**Work item**
The reply needs the lines from the one containing "Girl with brown" through the end of the material, each repeated exactly, and no pictures.

**Data for the task**
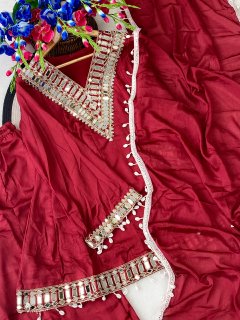 Maroon Soft Chinon Real Mirror Work Long Kali Palazzo Set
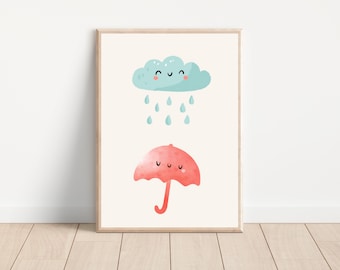 Uroczy, deszczowy, chmurkowy i parasolowy wydruk ścienny do pokoju dziecięcego, Boho, chmurkowa i deszczowa dekoracja pokoju dziecięcego, Wydrukowany plakat z parasolem i spadającym deszczem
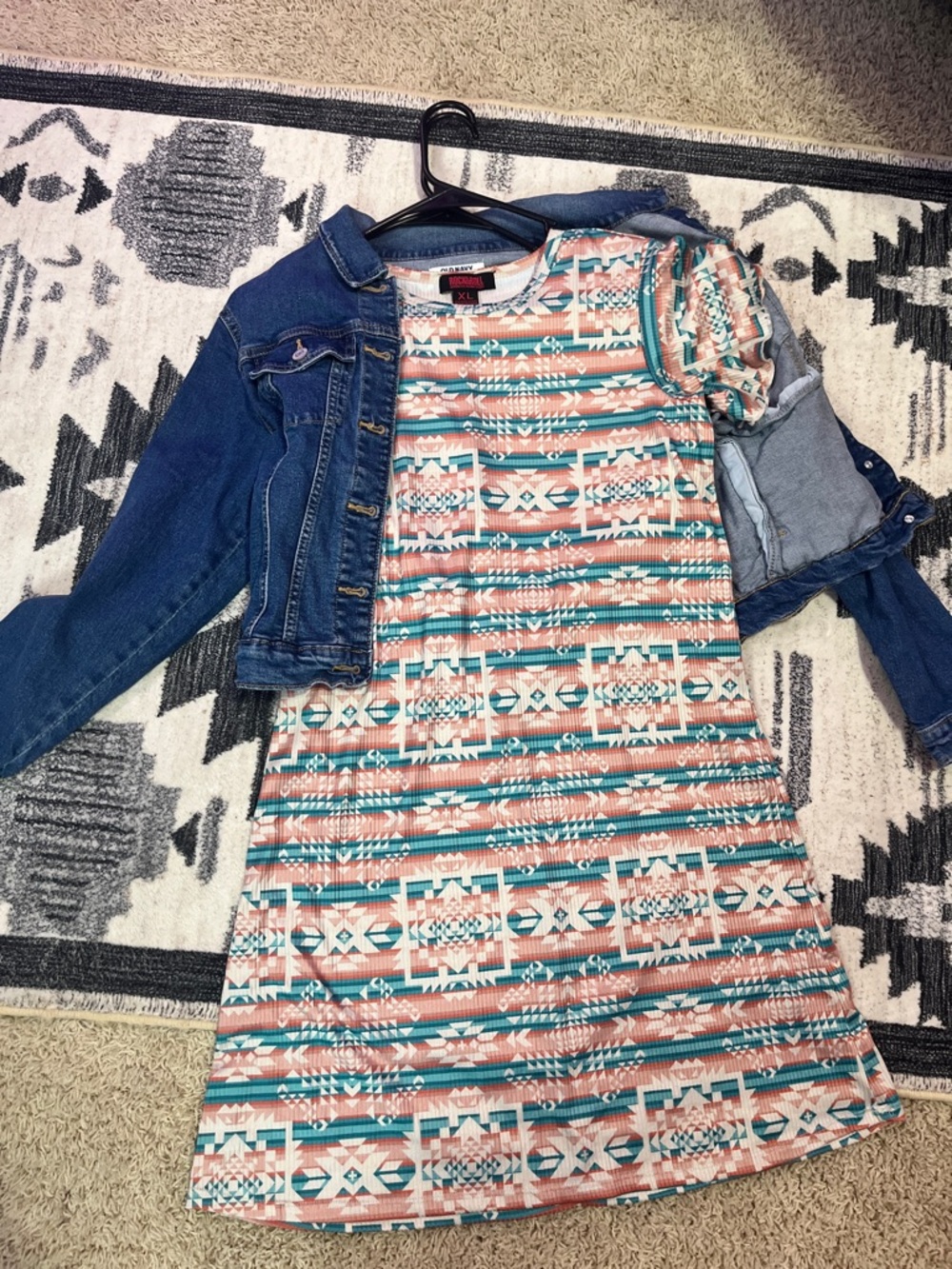 Girls' Aztec Stripe Casual Dress in Teal & Coral - No Brand Listed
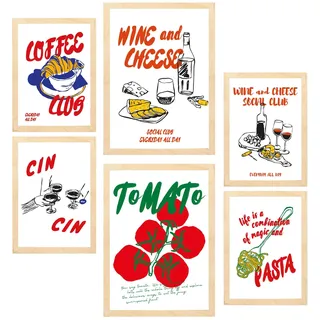 POSTER Set Mit 6 Von Lebensmitteln & Gerichten Im Pop Art A3 & A4 Rahmen Aus Hellem Holz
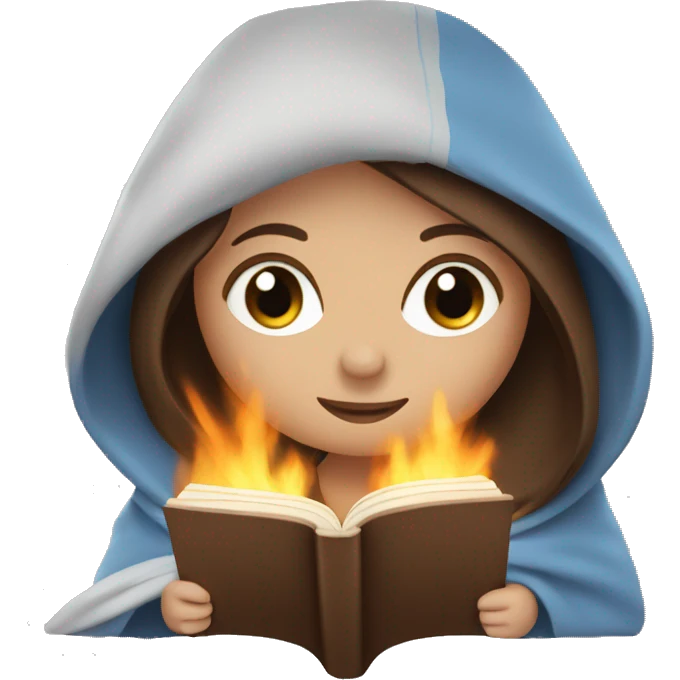 Girl with brown hair and blue eyes in a blanket reading a book by the fire emoji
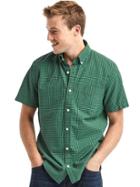 Gap Men Oxford Micro Gingham Short Sleeve Standard Fit Shirt - Green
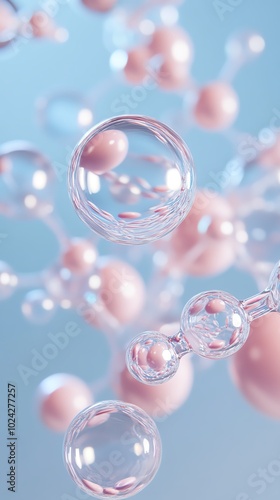 Floating bubbles on a soft blue background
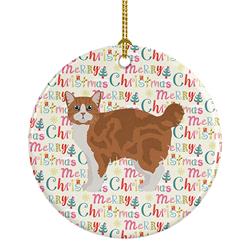 2.8 x 2.8 in. Unisex Manx No.2 Cat Christmas Ceramic Ornament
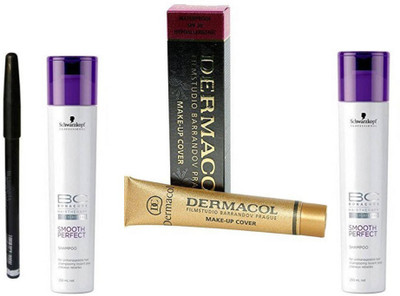 

blushinsta dermacol 207,2 smooth perfect shampoo,eyebrow pencil(Set of 4)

**Output below**
 Girl with brown hair and blue eyes in a blanket reading a book by the fire emoji
 Gap Men Oxford Micro Gingham Short Sleeve Standard Fit Shirt - Green
 Floating bubbles on a soft blue background
 2.8 x 2.8 in. Unisex Manx No.2 Cat Christmas Ceramic Ornament

blushinsta dermacol 207,2 smooth perfect shampoo,eyebrow pencil(Set of 4)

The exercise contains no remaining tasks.